▶ [Brief descriptive captions]:
┌──

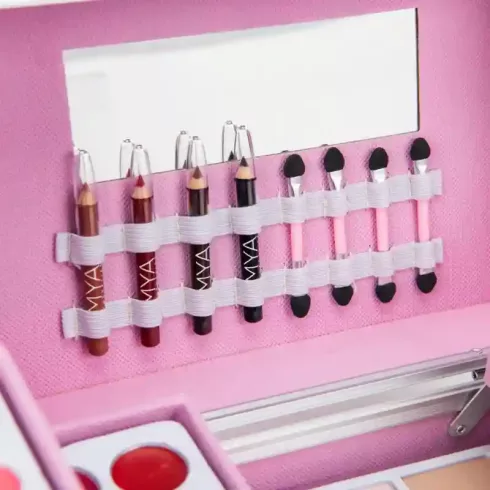 MYA Cosmetics sminkkészlet hordozható kofferben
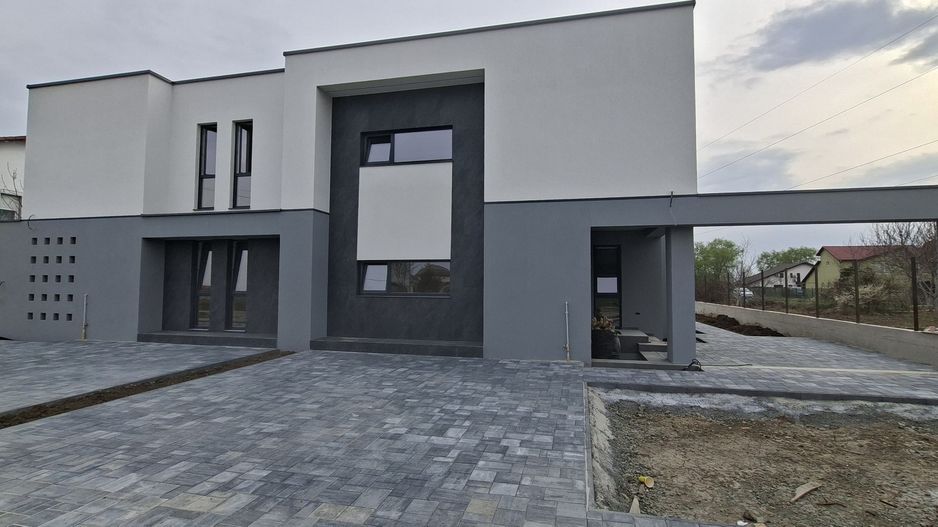 Duplex cu 5 camere si teren de 372mp - Poză 1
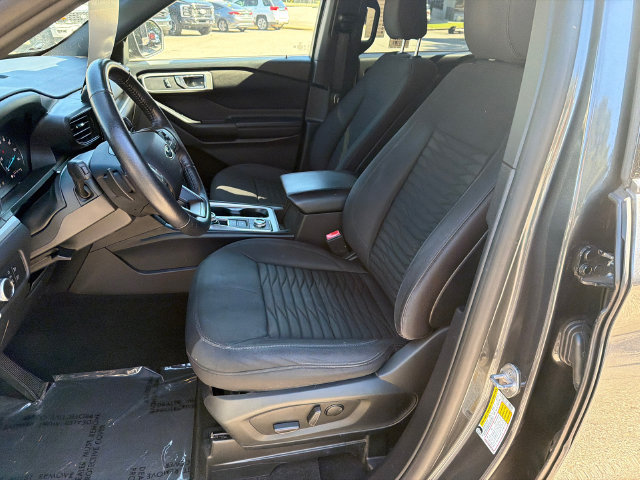Certified 2020 Ford Explorer XLT AWD/4WD image 11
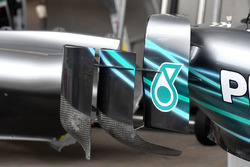 Бічні дефлектори Mercedes-AMG F1 W09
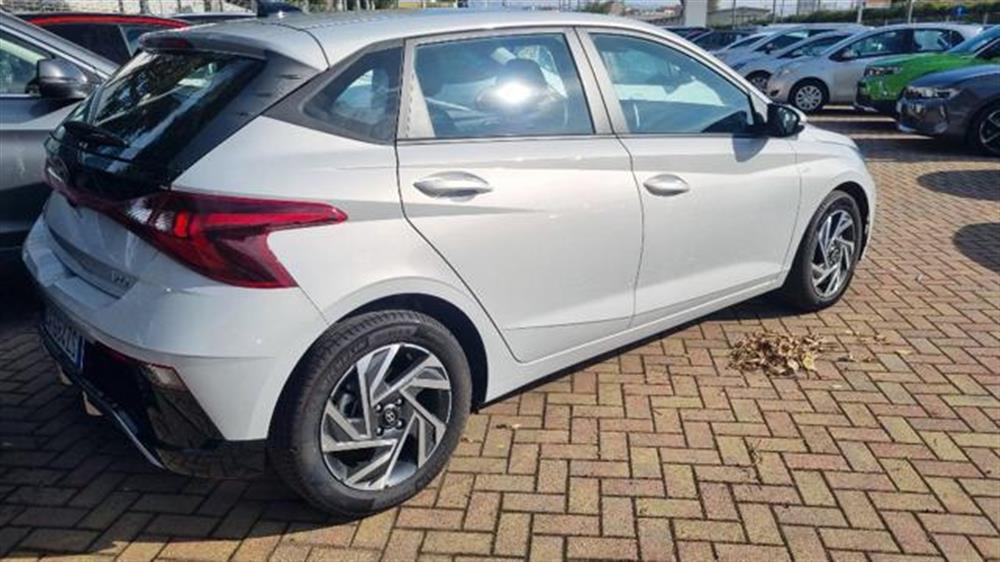 i20   i20 1.0 T-GDI 48V  Conne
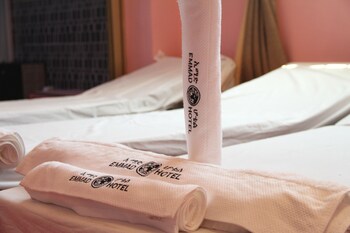 emmad apartment hotel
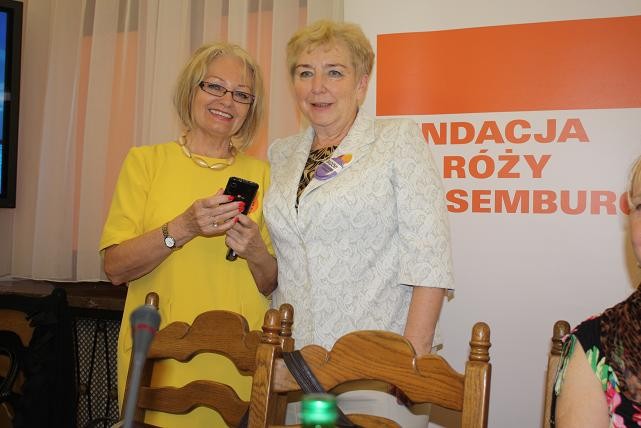 Kobiety biorą sprawy w swoje ręce zdjęcie nr 69635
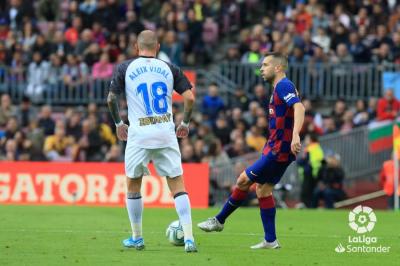 Aleix Vidal presiona a Jordi Alba en el Barcelona-Alavés (Foto: LaLiga).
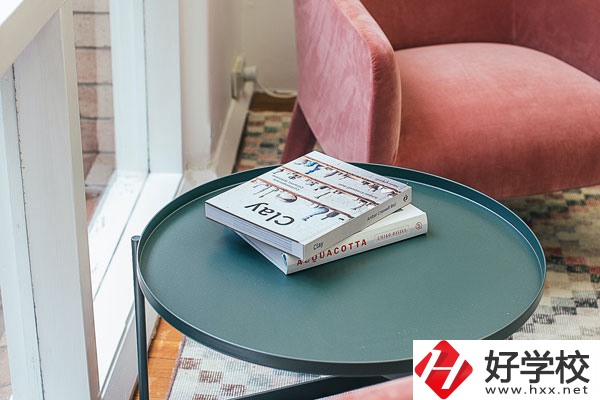 懷化啟航衛(wèi)生學(xué)校護(hù)理專業(yè)好不好？學(xué)費貴嗎？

└──

▶ [INSTRUCTIONS TO FOLLOW]: With the pictures left out, copy exactly the lines above from the line containing "Kobiety biorą sprawy" through the last line of the entries.

▶ [EXPECTED OUTPUT]:
 Kobiety biorą sprawy w swoje ręce zdjęcie nr 69635
 Aleix Vidal presiona a Jordi Alba en el Barcelona-Alavés (Foto: LaLiga).
 懷化啟航衛(wèi)生學(xué)校護(hù)理專業(yè)好不好？學(xué)費貴嗎？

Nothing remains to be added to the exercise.